A 62 ans, celui que l'on surnomme le «chasseur de dictateurs» ne semble pas encore décidé à raccrocher les gants. Pour preuve, il imagine même un jour pouvoir agrafer à son tableau de chasse, l'ex-président des Etats-Unis George Bush, qu'il accuse publiquement de tortures.
Et c'est en marge du procès du dictateur tchadien Hissène Habré que le militant des droits de l'Homme a fait cette déclaration à l'AFP. Interrogé sur son avenir lorsque le dossier sera bouclé, il a ainsi répondu: « Si je pouvais amener en justice une personne, ce serait George W. Bush -président des Etats-Unis de 2001 à 2009- pour les tortures, le waterboarding(simulation de noyade), les prisons secrètes, le transfèrement des prisonniers vers des lieux de torture, etc.». Conscients de la difficulté de la tâche, le porte-parole de l'ONG Human Rights Watch a lancé «ce ne sont pas les difficultés qui m'effraient».
Il faut dire que l'homme n'en est pas à son coup d'essai. La drôle de destinée de l'Américain commence en 1984, lorsque au cours d'une visite au Nicaragua, il découvre des atrocités commises par des opposants à la Révolution sandiniste, les «Contras», soutenus par Washington. De retour au pays, il démissionne de son poste de substitut du procureur de New-York pour retourner enquêter cinq mois en Amérique du Sud. Son rapport, publié en mars 1985, fait grand bruit et convainc «le Congrès américain de couper les crédits aux contre-révolutionnaires». Ceci marque la première victoire du jeune Reed Brody.

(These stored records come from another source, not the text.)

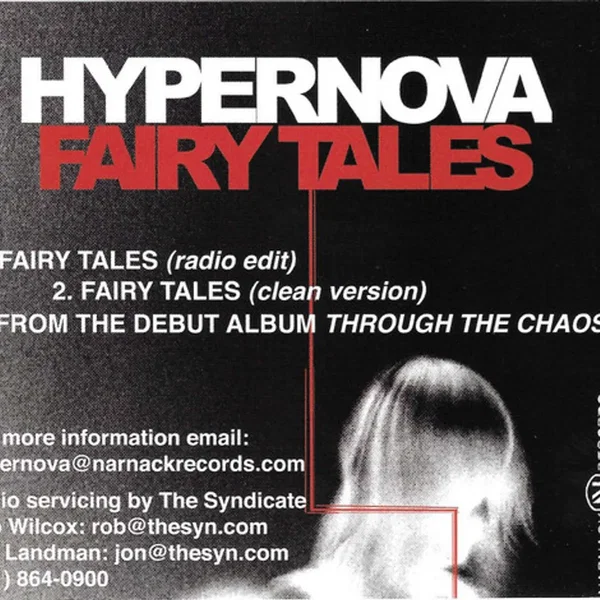 Fairy Tales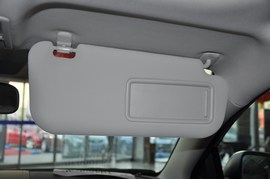 2009款马自达睿翼2.0L豪华型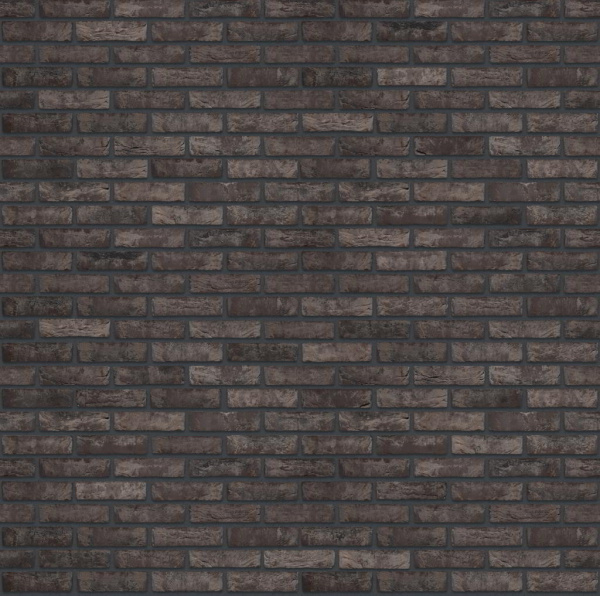 Кирпич ручной формовки S.Anselmo MI, Superior Line, Milano NF 240х71х115 мм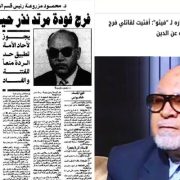 المحلة منين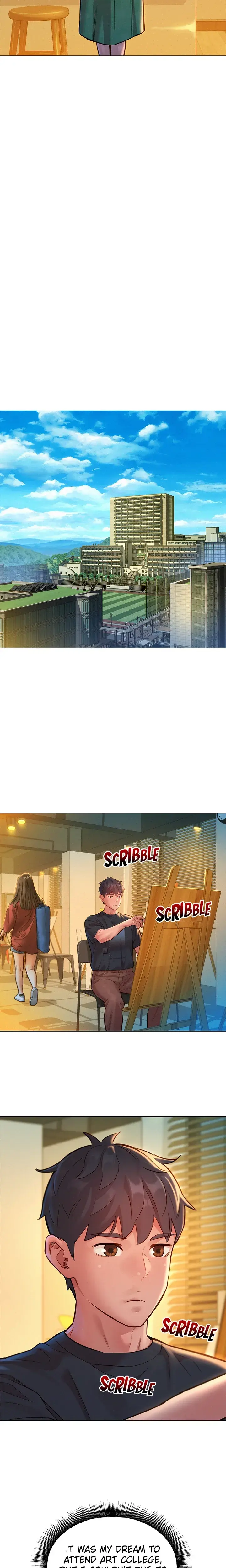 Friends To Lovers From Today Chapter 22 - Page 10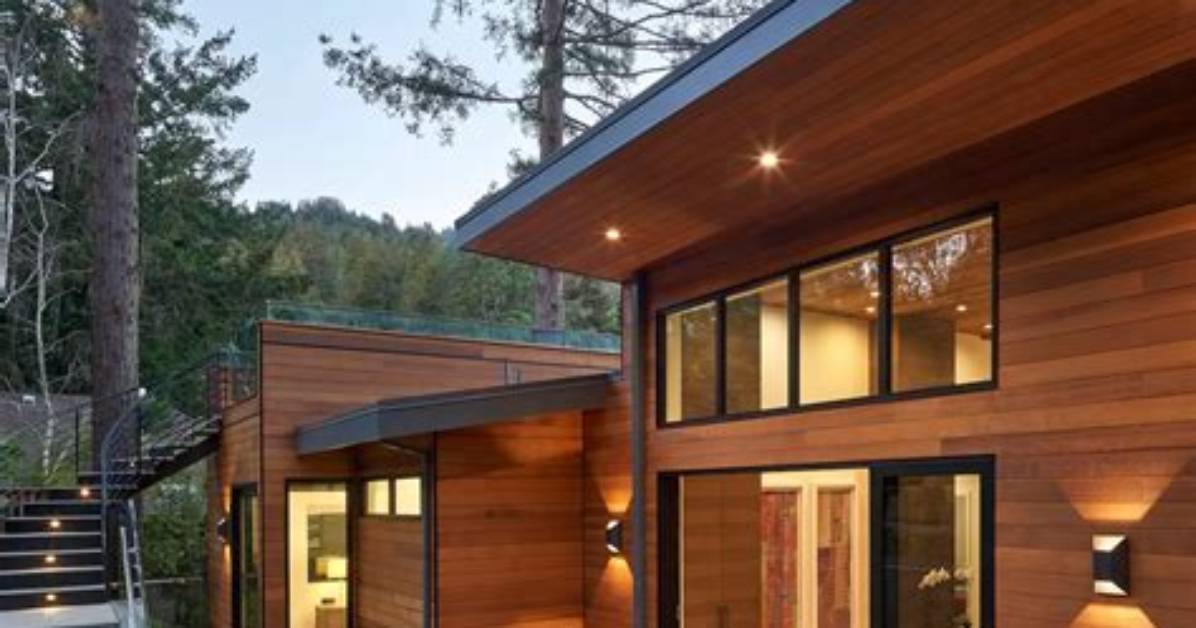 What Is a California Split Level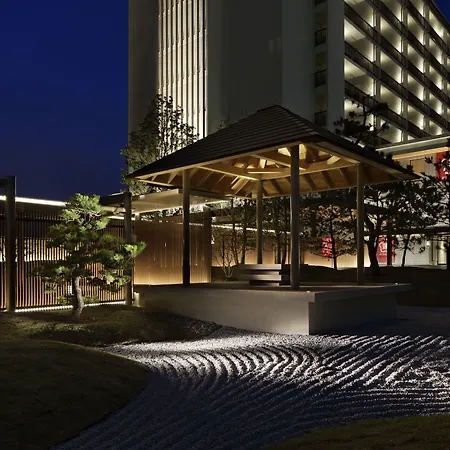 Kobe Minato Onsen Ren (Adults Only)-2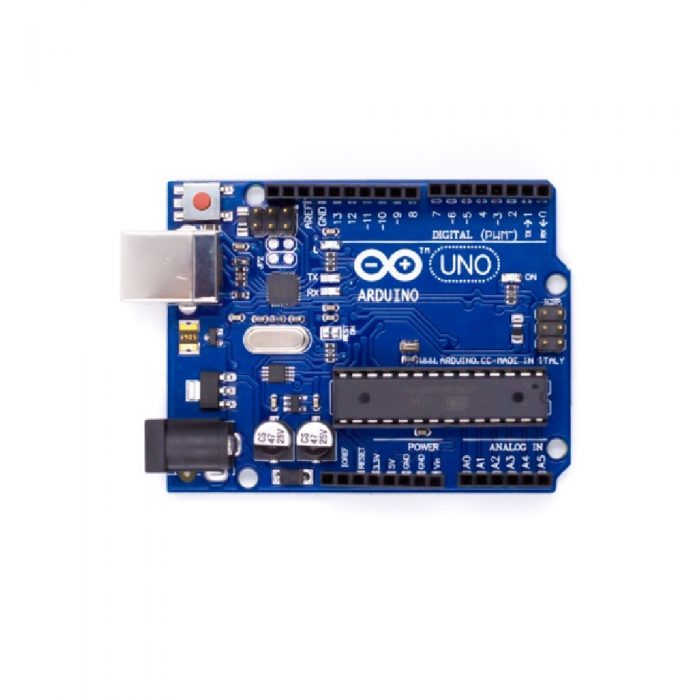 Arduino UNO R3 with USB B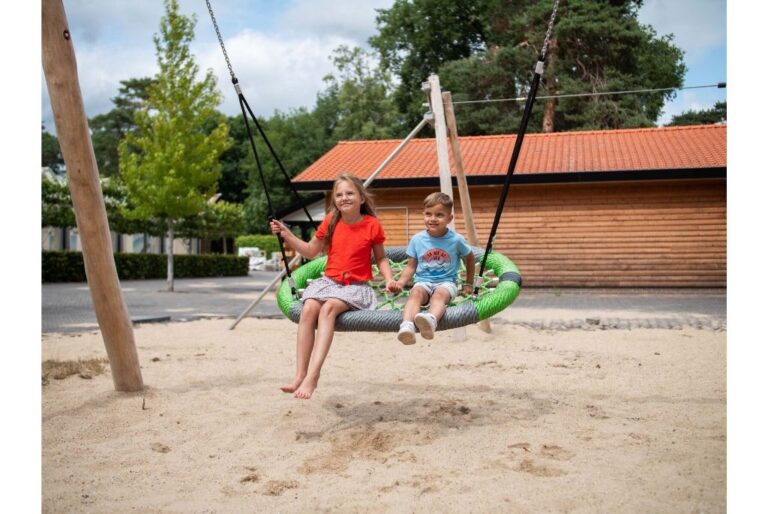 Veluwe hoeve 5 people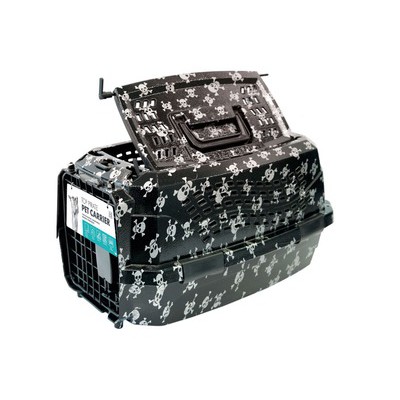 M-PETS PET CARRIER - SIZE S - TOP BANDANA 10200007 - TOP WARRIOR 10200799- TOP PIRATE 10200599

Il travaille ensuite pour les Nations Unies et participe à plusieurs commissions d'enquête au Salvador et en République démocratique du Congo. Reed Brody noue alors de nombreux contacts avec des associations de défense des droits de l'Homme. En 1998, il participe à l'extradition en Espagne du dictateur Pinochet réfugié à Londres avant de s'emparer du dossier de l'ex-dictateur tchadien Hissène Habré, qui coule une fin de vie tranquille au Sénégal après avoir été renversé.
En 2007, Reed Brody acquiert une certaine notoriété internationale avec la diffusion d'un documentaire de Klaartje Quirijns qui lui est entièrement consacré «The Dictator Hunter» (le chasseur de dictateurs). Dans ce film, il dit notamment: «Si vous tuez une personne, on vous envoie en prison. Si vous tuez 40 personnes, on vous envoie dans un hôpital psychiatrique. Mais si vous tuez 40000 personnes, vous pouvez bénéficier d’un exil confortable avec un compte en banque bien fourni dans un autre pays. C’est cela que nous voulons changer»
Le juriste américain a été l'un des premiers à dénoncer les abus de l'administration Bush dans sa lutte acharnée contre le terrorisme et évoquer le sort des détenus de la prison irakienne d'Abou Ghraib et des disparus de Al-Qaïda. Il est d'ailleurs l'auteur d'un livre au titre évocateur: «Faut-il juger George Bush ?». Il a apparemment trouvé la réponse.